DATA EXTRACTS ->
<<<<

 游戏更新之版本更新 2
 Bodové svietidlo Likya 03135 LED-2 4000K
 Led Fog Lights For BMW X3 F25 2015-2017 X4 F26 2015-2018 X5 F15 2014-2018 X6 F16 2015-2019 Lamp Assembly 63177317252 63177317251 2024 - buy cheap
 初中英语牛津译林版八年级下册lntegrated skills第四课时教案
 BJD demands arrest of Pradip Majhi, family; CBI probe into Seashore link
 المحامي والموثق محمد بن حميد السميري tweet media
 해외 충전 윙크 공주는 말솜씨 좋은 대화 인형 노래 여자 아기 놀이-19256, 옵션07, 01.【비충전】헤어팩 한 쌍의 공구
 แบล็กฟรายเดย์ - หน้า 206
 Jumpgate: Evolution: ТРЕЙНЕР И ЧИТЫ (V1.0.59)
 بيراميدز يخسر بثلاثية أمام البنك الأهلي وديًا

>>>>

WHAT TO WORK ON -> In the material above, find the line with "Led Fog Lights"; then retype it and every line after it through the last, exactly as written.

SOLUTION BELOW ->
 Led Fog Lights For BMW X3 F25 2015-2017 X4 F26 2015-2018 X5 F15 2014-2018 X6 F16 2015-2019 Lamp Assembly 63177317252 63177317251 2024 - buy cheap
 初中英语牛津译林版八年级下册lntegrated skills第四课时教案
 BJD demands arrest of Pradip Majhi, family; CBI probe into Seashore link
 المحامي والموثق محمد بن حميد السميري tweet media
 해외 충전 윙크 공주는 말솜씨 좋은 대화 인형 노래 여자 아기 놀이-19256, 옵션07, 01.【비충전】헤어팩 한 쌍의 공구
 แบล็กฟรายเดย์ - หน้า 206
 Jumpgate: Evolution: ТРЕЙНЕР И ЧИТЫ (V1.0.59)
 بيراميدز يخسر بثلاثية أمام البنك الأهلي وديًا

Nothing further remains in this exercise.